• [What the exercise asks] With the pictures omitted, write out the entries that follow exactly as they stand.

*** Opening Records shown ***

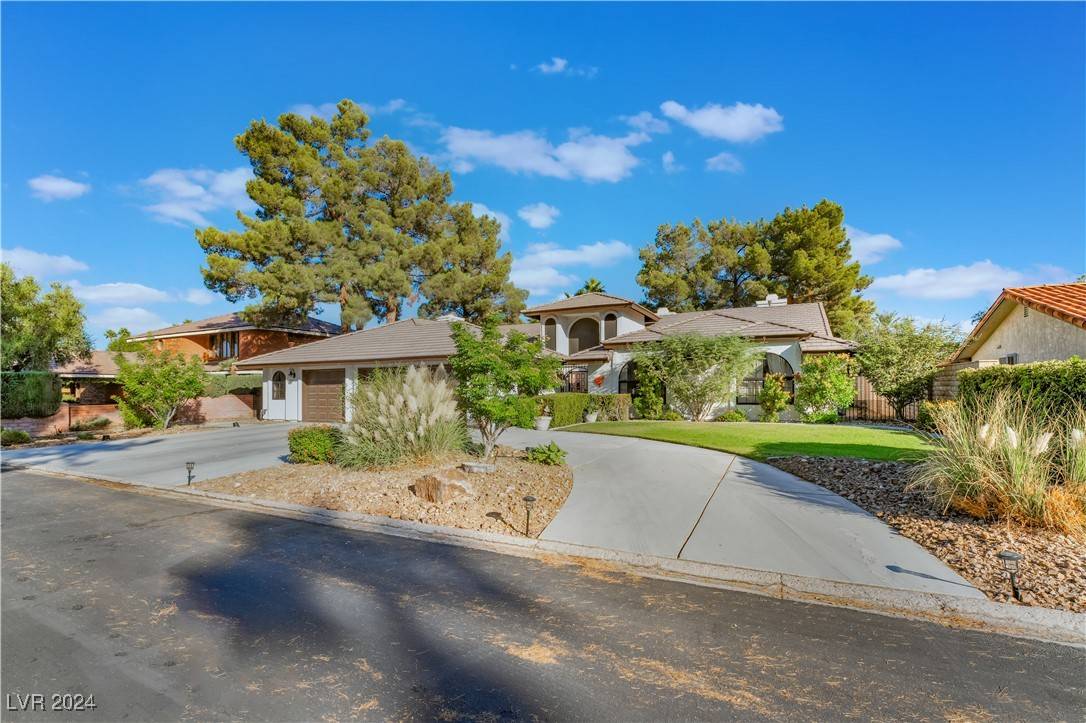Las Vegas, NV 89107,2504 Windjammer WAY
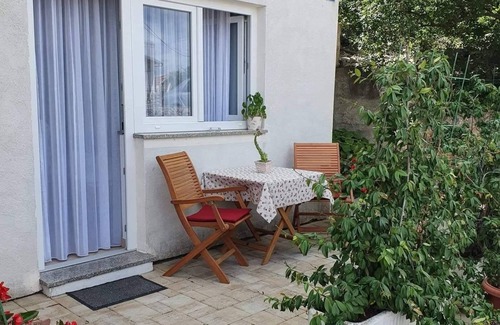Salatic Apartment | Studio Matea for 2 persons, quiet location, WLAN, air conditioning, barbecue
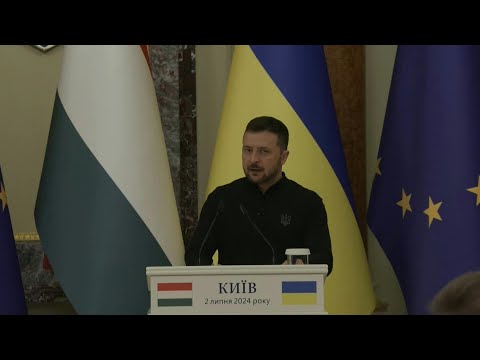 Zelensky tells Orban that Ukraine needs a 'just peace' | AFP
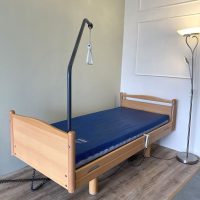 3 funkciós otthonápolási ágy tölgy színben, állítható háttámlával és oldalkorlátokkal
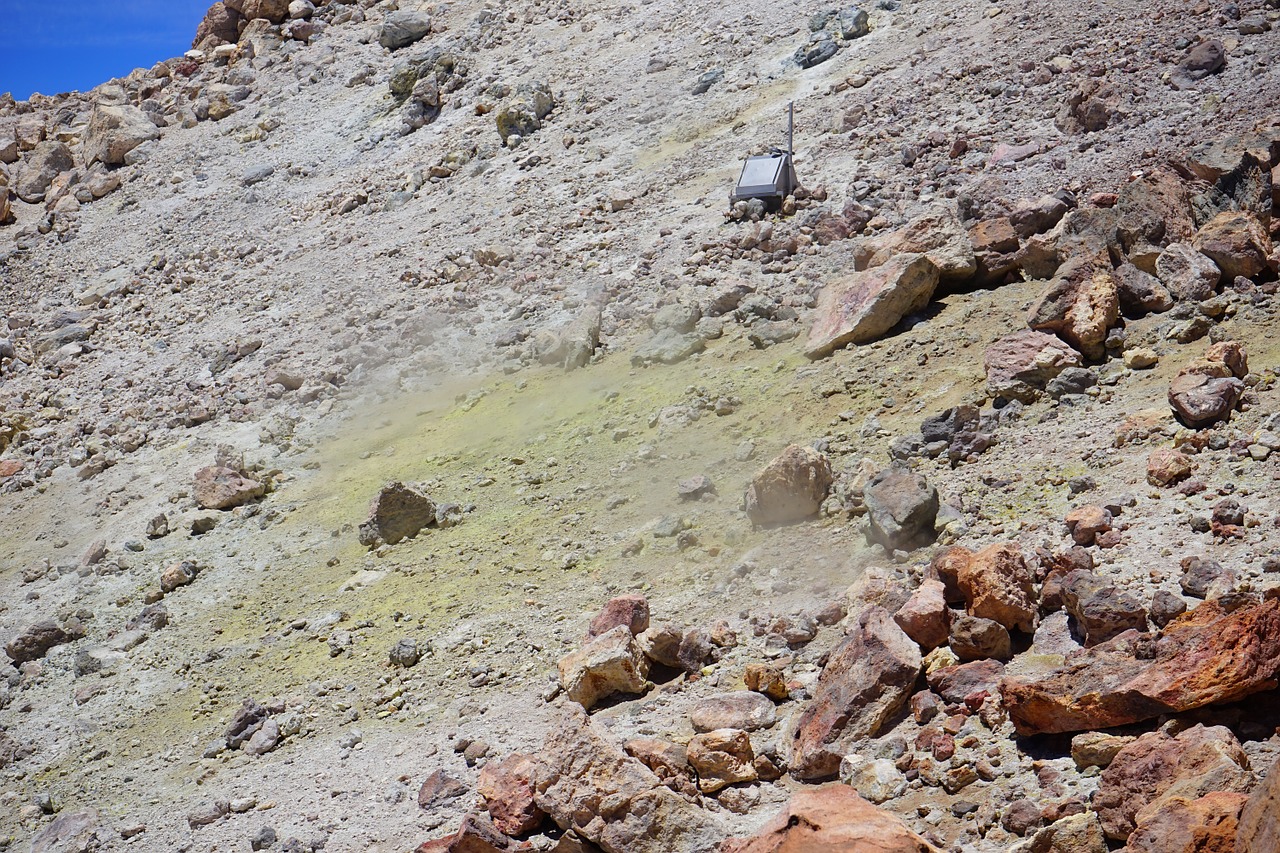 teide crater sulfur free photo
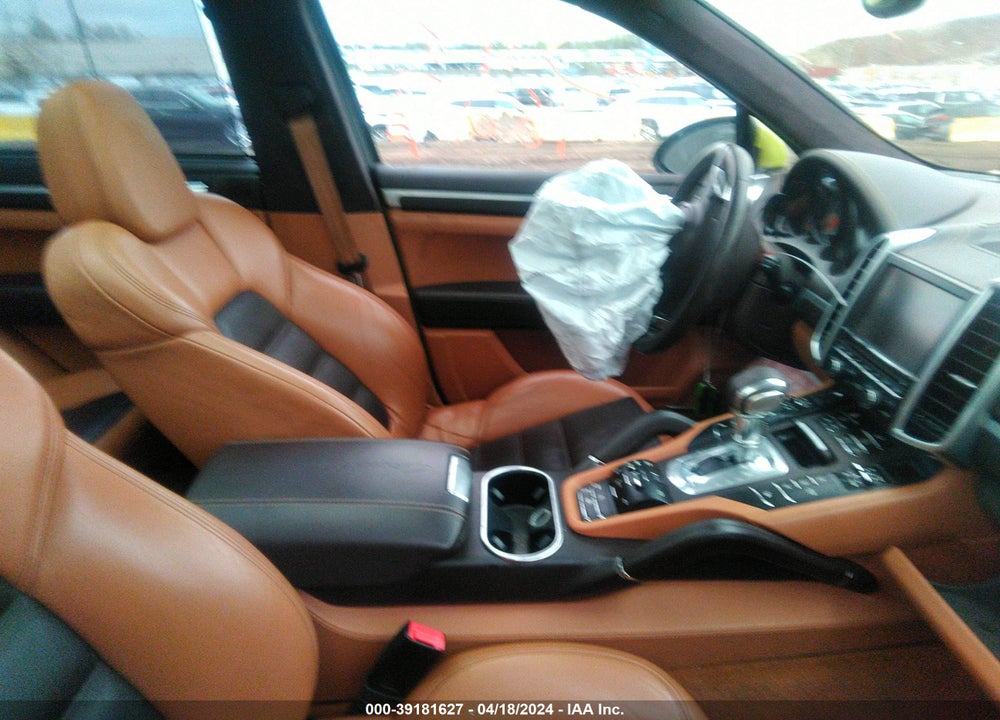 2014 PORSCHE CAYENNE GTS VIN: WP1AD2A24ELA70495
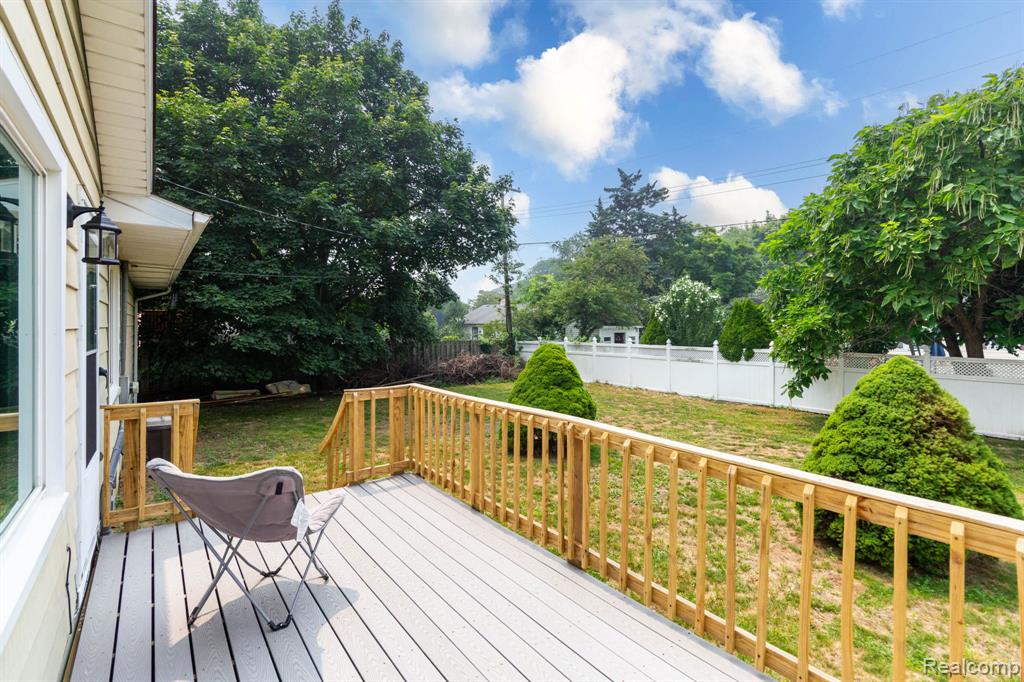 1047 Coolidge Road Lansing, MI 48912 - Photo 36 of 36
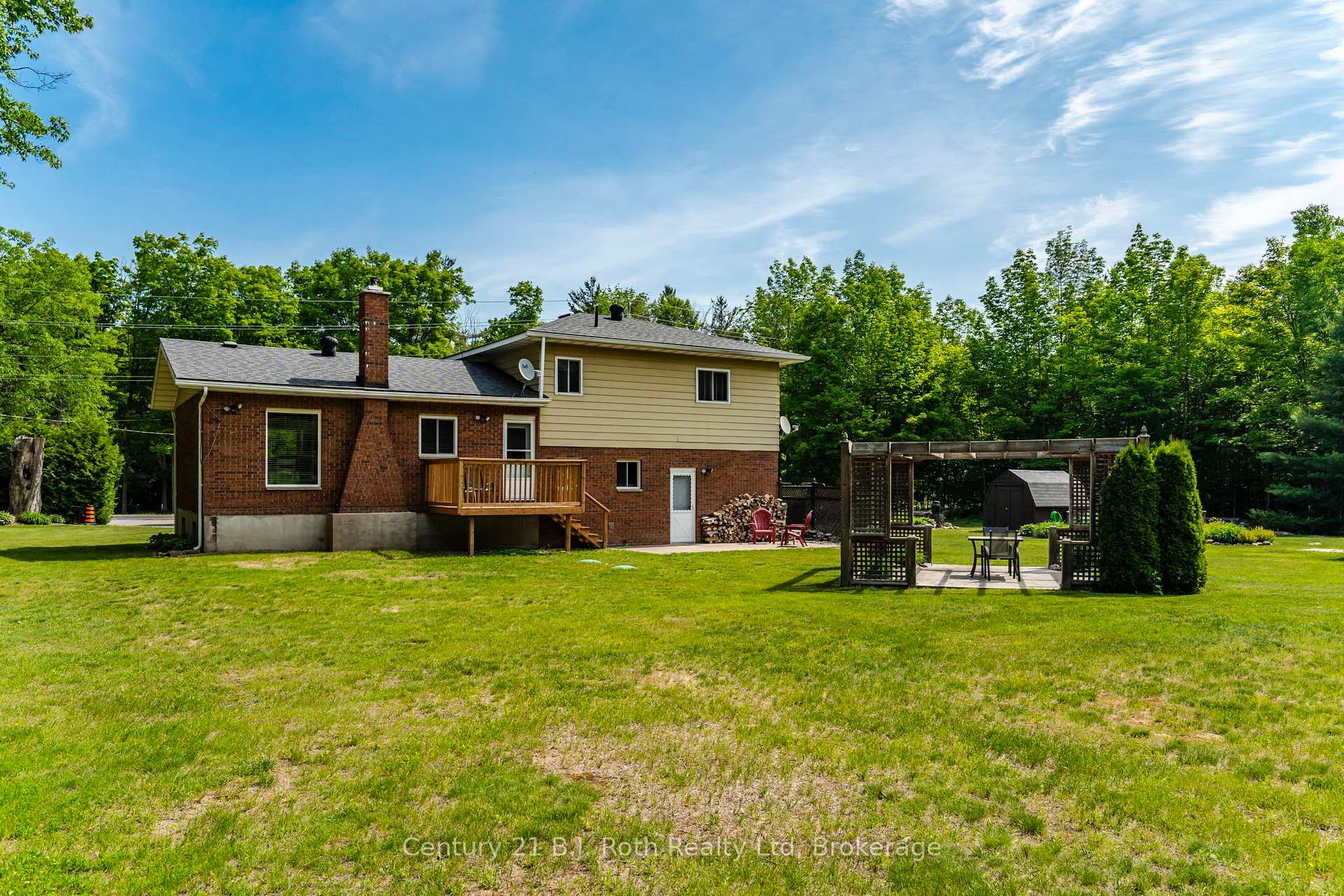 Photo 35 of 573 Lafontaine Road E, Tiny, Rural Tiny — HOMEH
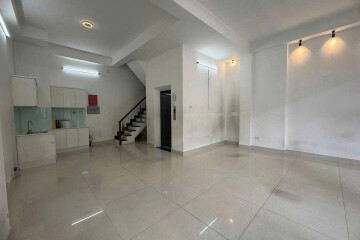 Nhà Nguyên Căn Góc 2 Mặt Tiền  Thiết Kế Trống Suốt Có Thang Máy Tại Lâm Văn Bền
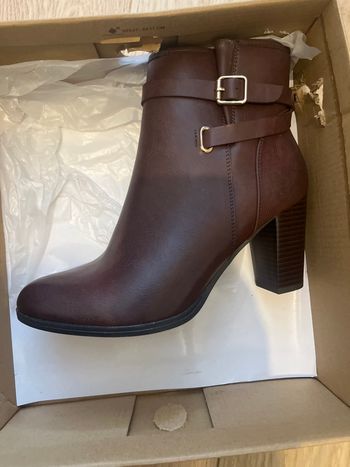 Chaussures Taille 40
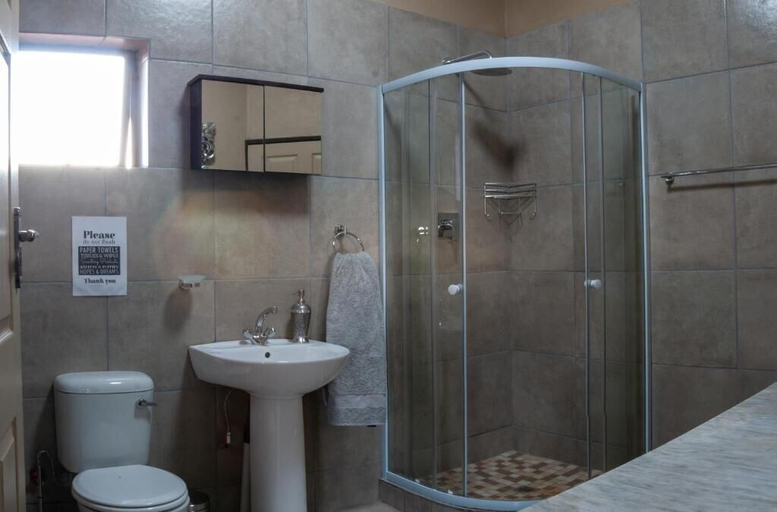 Bathroom, Casa de la Presa 4, Capricorn
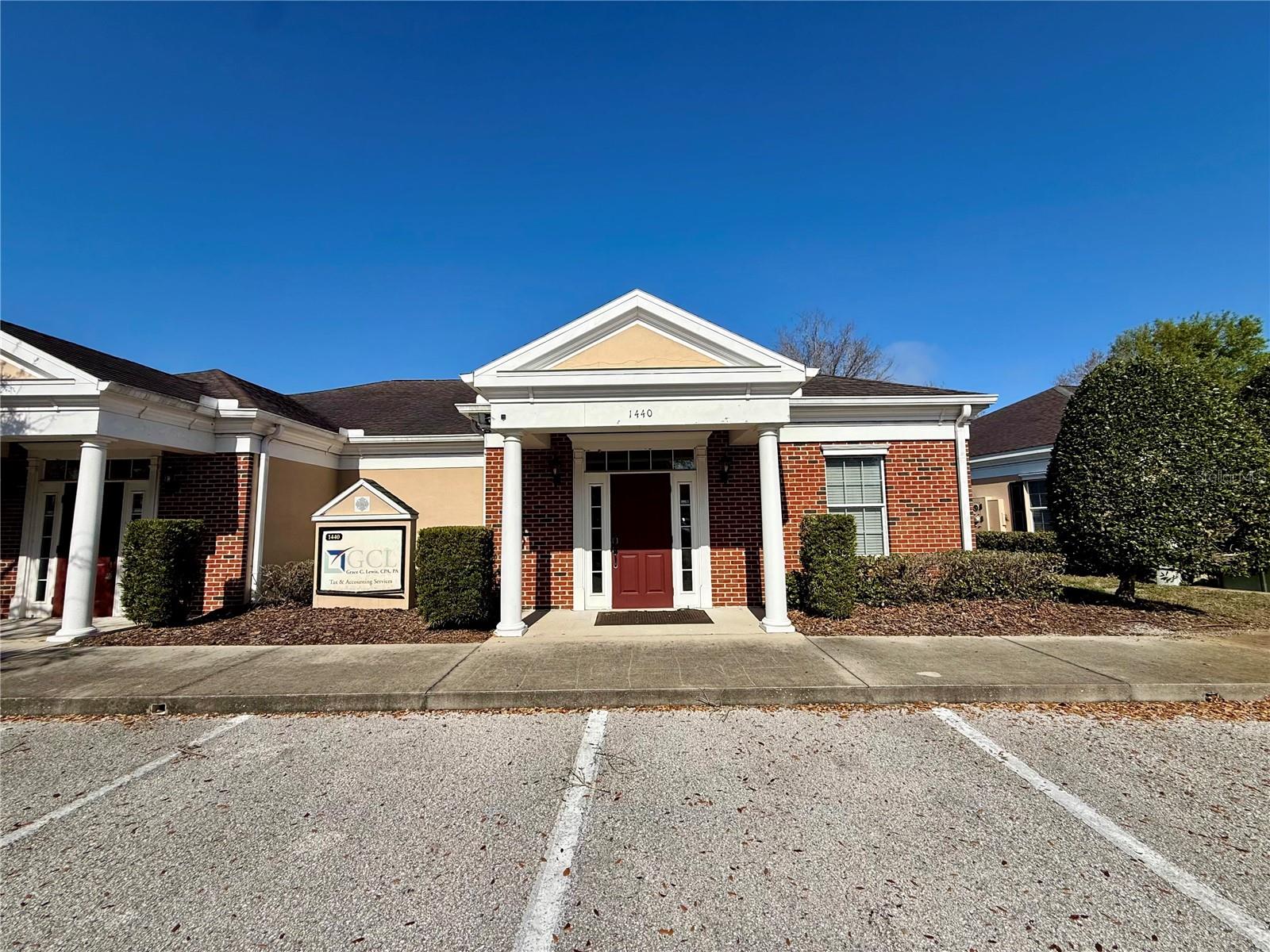 BLOOMINGDALE OAKS EXECUTIVE PA - Commercial Lease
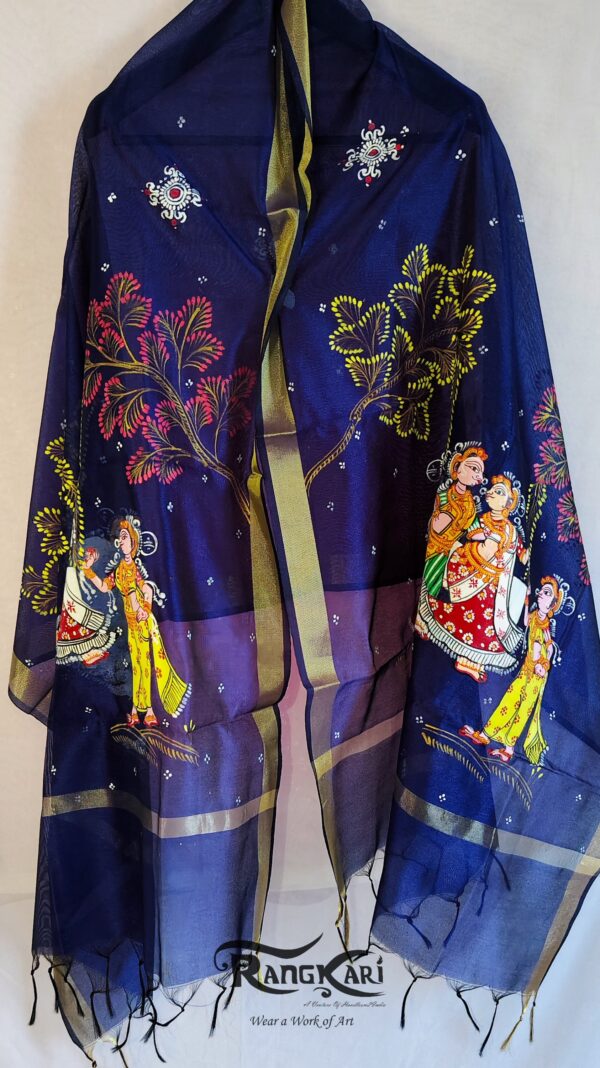 "NEEL DOLI LEELA" Hand Painted Dupatta - Image 2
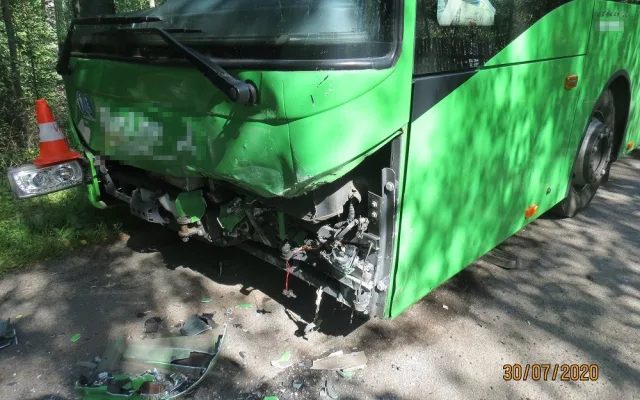 Řidiči se za volantem udělalo špatně. Čelně se srazil s autobusem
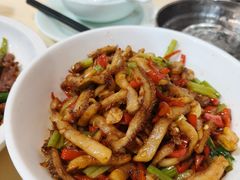 酸萝卜牛肚丝-笨罗卜浏阳菜馆(龙华鹏润达店)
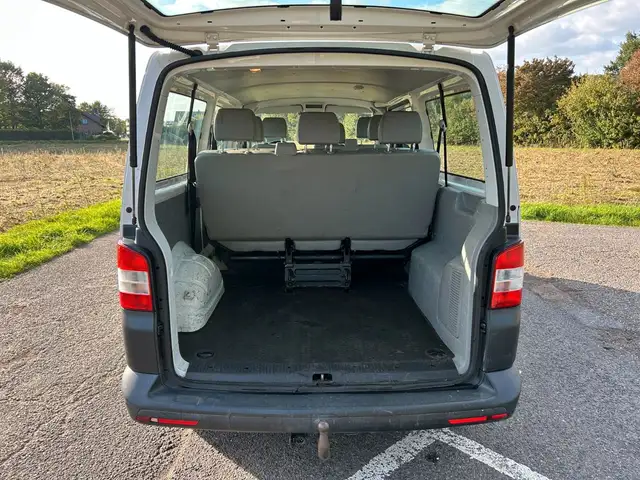 Volkswagen Transporter view 5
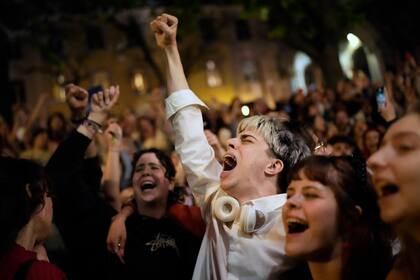 Miles de personas cantan la canción "Grândola, Vila Morena", en la Plaza do Carmo, en Lisboa, en el 50 aniversario de la Revolución de los Claveles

*** Closing Records shown ***

• [Result]
Las Vegas, NV 89107,2504 Windjammer WAY
Salatic Apartment | Studio Matea for 2 persons, quiet location, WLAN, air conditioning, barbecue
 Zelensky tells Orban that Ukraine needs a 'just peace' | AFP
 3 funkciós otthonápolási ágy tölgy színben, állítható háttámlával és oldalkorlátokkal
 teide crater sulfur free photo
 2014 PORSCHE CAYENNE GTS VIN: WP1AD2A24ELA70495
 1047 Coolidge Road Lansing, MI 48912 - Photo 36 of 36
 Photo 35 of 573 Lafontaine Road E, Tiny, Rural Tiny — HOMEH
 Nhà Nguyên Căn Góc 2 Mặt Tiền  Thiết Kế Trống Suốt Có Thang Máy Tại Lâm Văn Bền
 Chaussures Taille 40
 Bathroom, Casa de la Presa 4, Capricorn
 BLOOMINGDALE OAKS EXECUTIVE PA - Commercial Lease
 "NEEL DOLI LEELA" Hand Painted Dupatta - Image 2
 Řidiči se za volantem udělalo špatně. Čelně se srazil s autobusem
 酸萝卜牛肚丝-笨罗卜浏阳菜馆(龙华鹏润达店)
 Volkswagen Transporter view 5
 Miles de personas cantan la canción "Grândola, Vila Morena", en la Plaza do Carmo, en Lisboa, en el 50 aniversario de la Revolución de los Claveles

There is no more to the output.